WASHINGTON - When Sen. Pat Toomey (R., Pa.) opened a speech to Pennsylvania political insiders in late April, he pointed to his record of bipartisan cooperation with Sen. Robert P. Casey (D., Pa.) in advancing judges nominated by President Obama.

But Democrats and their liberal allies accused Toomey this week of quietly creating trouble for a Philadelphia nominee he had publicly praised.

Toomey rejected the allegation, saying he still supported Luis Felipe Restrepo, a District Court judge, for a vacancy on the U.S. Court of Appeals for the Third Circuit, based in Philadelphia.

Democrats say Toomey is an obstructionist, helping Republicans block Obama at every turn. Toomey's allies say his opponents are inflating a procedural issue to score political points against a man they desperately want to unseat next year.

The scuffle is likely a preview of many months to come as Toomey faces a tough reelection campaign.

It hinges on a piece of paper: the so-called "blue slip."

By tradition, the Senate Judiciary Committee will not hold a confirmation hearing until it receives blessings - in the form of the slips - from a nominee's home-state senators.

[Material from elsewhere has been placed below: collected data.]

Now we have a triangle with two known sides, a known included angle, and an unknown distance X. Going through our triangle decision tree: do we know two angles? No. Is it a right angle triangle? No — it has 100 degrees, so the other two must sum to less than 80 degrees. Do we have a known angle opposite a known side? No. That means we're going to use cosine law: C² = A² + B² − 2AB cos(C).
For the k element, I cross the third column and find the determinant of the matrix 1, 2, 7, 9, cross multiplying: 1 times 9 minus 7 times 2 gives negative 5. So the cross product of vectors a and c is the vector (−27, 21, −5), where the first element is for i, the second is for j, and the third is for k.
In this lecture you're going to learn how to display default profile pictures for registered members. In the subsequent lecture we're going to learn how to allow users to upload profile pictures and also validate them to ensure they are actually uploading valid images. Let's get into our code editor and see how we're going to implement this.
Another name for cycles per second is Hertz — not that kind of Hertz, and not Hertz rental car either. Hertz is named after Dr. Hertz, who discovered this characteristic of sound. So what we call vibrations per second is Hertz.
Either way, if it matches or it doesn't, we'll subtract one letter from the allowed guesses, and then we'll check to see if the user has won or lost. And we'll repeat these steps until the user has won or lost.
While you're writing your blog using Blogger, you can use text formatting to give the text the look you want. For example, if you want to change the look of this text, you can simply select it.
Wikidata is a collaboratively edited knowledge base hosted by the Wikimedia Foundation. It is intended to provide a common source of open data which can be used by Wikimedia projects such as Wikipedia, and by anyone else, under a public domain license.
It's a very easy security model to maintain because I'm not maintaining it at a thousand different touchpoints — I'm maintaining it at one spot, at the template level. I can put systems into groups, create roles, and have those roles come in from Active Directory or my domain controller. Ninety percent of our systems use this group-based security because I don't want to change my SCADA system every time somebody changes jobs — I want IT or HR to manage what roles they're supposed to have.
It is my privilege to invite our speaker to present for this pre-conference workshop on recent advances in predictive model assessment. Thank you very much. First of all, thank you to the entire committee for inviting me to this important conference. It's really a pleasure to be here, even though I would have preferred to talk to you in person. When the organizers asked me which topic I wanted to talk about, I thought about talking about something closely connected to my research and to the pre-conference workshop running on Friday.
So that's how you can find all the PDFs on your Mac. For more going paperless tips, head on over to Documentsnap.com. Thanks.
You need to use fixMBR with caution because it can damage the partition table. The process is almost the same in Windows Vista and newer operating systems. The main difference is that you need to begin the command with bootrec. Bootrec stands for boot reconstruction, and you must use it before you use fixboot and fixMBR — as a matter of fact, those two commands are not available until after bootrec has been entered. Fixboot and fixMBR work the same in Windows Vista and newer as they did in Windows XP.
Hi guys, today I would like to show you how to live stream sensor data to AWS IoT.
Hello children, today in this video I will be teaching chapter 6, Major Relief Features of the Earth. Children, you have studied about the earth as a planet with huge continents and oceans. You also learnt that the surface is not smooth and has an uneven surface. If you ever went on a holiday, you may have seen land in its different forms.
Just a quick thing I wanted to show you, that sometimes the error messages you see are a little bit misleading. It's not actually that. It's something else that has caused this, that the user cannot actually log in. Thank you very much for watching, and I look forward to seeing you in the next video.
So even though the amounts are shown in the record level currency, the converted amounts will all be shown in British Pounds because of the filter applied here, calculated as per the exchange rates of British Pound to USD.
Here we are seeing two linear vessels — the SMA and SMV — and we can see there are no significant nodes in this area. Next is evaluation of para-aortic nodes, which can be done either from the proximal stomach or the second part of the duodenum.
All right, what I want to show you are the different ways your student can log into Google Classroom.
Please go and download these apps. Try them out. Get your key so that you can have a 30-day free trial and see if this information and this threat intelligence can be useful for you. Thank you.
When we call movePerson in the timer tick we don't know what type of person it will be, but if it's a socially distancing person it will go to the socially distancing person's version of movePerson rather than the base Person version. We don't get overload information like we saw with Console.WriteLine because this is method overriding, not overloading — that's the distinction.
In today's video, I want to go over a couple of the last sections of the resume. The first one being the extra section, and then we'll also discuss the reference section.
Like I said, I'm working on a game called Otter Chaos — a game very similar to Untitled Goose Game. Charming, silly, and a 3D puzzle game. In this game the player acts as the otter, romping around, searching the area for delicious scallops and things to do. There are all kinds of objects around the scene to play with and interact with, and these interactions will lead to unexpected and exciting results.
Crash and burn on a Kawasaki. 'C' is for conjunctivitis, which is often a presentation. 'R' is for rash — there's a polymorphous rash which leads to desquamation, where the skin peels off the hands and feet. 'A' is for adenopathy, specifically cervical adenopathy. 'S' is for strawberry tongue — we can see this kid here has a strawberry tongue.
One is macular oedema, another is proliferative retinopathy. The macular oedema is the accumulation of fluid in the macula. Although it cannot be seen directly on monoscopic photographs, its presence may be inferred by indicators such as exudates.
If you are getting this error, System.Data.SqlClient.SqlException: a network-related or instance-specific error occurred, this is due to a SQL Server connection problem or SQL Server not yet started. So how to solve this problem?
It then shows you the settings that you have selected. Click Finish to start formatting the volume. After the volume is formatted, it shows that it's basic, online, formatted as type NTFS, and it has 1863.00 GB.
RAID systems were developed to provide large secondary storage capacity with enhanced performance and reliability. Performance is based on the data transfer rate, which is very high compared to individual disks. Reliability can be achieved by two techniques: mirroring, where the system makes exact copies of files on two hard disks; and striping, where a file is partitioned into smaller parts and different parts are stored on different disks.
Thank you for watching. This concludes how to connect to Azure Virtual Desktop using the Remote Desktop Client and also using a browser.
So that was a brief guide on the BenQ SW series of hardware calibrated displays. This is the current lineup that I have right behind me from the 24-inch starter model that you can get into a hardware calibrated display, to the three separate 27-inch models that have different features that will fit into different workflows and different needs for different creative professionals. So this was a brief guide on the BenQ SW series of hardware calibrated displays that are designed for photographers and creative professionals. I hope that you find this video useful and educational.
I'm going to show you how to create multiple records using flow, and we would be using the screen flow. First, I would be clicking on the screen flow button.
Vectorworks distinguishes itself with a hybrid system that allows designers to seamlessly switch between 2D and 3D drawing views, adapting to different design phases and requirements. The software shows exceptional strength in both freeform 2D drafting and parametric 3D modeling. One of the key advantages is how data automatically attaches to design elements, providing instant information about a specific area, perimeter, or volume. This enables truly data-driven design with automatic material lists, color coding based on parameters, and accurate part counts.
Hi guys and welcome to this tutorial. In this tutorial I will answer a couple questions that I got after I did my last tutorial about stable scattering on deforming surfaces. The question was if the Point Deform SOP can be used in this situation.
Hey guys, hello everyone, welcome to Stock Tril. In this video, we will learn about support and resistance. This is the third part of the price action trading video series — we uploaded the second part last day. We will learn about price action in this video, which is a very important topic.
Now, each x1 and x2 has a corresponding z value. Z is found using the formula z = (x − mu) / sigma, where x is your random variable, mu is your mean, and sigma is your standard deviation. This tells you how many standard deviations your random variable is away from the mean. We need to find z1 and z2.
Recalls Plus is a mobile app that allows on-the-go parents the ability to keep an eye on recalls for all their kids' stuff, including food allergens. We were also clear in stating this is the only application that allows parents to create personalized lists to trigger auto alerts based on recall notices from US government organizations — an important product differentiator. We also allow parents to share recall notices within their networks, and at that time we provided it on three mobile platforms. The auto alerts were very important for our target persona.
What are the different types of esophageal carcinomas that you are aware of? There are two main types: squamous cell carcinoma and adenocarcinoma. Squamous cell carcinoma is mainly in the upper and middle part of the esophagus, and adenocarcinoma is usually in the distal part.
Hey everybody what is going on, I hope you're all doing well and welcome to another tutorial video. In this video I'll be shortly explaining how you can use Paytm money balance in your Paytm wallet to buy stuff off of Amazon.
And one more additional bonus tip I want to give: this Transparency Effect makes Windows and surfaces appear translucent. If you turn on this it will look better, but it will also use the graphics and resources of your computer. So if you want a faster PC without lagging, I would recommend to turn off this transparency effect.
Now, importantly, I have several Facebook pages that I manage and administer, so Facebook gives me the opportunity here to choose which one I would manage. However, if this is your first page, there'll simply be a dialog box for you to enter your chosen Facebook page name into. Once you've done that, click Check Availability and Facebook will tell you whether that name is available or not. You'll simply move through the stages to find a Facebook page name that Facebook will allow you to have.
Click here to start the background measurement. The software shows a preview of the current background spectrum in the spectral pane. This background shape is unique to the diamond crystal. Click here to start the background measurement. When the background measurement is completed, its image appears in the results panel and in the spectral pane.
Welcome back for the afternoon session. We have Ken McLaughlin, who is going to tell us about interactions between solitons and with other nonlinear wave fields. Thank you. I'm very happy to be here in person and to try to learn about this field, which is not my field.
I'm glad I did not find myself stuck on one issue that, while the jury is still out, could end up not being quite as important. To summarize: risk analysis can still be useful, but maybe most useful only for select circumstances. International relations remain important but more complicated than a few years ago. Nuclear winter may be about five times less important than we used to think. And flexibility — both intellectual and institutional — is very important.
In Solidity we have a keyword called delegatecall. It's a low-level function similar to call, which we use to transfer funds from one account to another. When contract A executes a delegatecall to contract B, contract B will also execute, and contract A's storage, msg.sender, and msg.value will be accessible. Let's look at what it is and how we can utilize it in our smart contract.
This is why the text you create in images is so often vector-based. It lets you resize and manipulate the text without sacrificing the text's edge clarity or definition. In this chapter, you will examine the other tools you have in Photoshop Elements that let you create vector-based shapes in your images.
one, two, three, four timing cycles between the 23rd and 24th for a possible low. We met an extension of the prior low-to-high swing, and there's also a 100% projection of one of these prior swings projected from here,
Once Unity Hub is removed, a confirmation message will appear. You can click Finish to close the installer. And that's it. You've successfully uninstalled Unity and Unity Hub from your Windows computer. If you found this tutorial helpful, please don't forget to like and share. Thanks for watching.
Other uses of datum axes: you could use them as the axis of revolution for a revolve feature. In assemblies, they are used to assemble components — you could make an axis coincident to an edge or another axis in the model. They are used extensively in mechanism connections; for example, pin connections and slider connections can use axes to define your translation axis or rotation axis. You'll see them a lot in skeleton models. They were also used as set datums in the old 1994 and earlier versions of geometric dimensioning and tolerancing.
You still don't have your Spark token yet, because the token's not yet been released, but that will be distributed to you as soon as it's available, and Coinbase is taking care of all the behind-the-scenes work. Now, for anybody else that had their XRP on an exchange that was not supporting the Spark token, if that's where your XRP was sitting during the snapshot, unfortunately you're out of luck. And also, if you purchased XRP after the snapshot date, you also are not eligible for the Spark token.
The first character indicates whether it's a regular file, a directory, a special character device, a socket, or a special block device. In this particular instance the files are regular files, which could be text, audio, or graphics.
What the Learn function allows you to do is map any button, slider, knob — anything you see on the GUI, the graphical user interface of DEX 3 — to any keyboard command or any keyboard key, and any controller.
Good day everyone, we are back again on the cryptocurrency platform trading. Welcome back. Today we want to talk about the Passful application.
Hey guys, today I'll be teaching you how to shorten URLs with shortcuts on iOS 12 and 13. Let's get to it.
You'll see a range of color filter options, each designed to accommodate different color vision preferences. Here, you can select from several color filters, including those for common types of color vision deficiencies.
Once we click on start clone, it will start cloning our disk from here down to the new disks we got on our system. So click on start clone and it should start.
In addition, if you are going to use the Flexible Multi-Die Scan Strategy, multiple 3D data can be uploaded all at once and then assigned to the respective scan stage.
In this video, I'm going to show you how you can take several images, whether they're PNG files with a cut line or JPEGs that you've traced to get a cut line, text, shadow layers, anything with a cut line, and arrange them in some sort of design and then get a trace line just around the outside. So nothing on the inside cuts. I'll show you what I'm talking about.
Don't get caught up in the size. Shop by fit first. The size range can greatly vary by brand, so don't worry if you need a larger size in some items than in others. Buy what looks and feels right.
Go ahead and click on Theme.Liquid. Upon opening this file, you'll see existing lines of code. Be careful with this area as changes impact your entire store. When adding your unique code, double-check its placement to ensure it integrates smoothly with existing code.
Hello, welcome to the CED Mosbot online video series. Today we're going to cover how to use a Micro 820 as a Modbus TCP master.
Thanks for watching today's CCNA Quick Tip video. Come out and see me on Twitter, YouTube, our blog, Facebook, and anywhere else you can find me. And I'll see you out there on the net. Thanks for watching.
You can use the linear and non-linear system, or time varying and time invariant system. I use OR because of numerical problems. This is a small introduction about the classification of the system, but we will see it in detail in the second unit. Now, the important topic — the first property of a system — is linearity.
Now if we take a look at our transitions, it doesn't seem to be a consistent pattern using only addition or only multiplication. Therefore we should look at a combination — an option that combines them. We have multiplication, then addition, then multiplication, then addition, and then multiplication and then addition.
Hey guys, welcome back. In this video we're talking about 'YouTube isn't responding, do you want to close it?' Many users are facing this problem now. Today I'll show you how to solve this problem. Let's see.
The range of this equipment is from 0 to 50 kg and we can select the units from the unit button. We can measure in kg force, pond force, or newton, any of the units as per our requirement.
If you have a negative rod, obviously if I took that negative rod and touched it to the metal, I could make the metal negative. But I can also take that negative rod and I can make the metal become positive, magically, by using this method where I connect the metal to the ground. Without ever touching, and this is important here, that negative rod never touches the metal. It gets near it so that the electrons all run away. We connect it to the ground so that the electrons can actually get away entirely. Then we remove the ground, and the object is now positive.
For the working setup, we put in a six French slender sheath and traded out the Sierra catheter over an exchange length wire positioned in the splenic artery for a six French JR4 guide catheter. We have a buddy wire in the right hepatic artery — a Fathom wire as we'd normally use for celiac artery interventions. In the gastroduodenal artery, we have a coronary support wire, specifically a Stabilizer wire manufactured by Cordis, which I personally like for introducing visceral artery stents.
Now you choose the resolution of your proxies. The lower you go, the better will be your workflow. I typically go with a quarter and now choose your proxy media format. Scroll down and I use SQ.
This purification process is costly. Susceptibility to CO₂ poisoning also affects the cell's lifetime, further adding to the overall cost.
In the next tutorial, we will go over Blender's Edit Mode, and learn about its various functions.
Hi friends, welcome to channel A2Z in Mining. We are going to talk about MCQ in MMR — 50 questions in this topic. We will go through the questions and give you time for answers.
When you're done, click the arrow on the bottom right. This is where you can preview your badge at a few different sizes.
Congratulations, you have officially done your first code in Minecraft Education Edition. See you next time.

Casey submitted his blue slip for Restrepo in November, the month he was nominated.

Toomey, despite lauding Restrepo, has not.

"Why doesn't he come here - the junior senator from Pennsylvania - to talk about this man being held up by his own party?" Senate Minority Leader Harry Reid (D., Nevada) said on the floor this week. "There is no reason that he's held up for six months other than the Republicans just simply want to do everything they can to create problems for President Obama."

Toomey and his aides have declined to publicly say why the senator has not turned in the blue slip.

Toomey said Thursday that he had not delayed Restrepo's nomination.

The Judiciary Committee is reviewing Restrepo's background and will not hold a confirmation hearing until that process is complete, regardless of the slip, Toomey said.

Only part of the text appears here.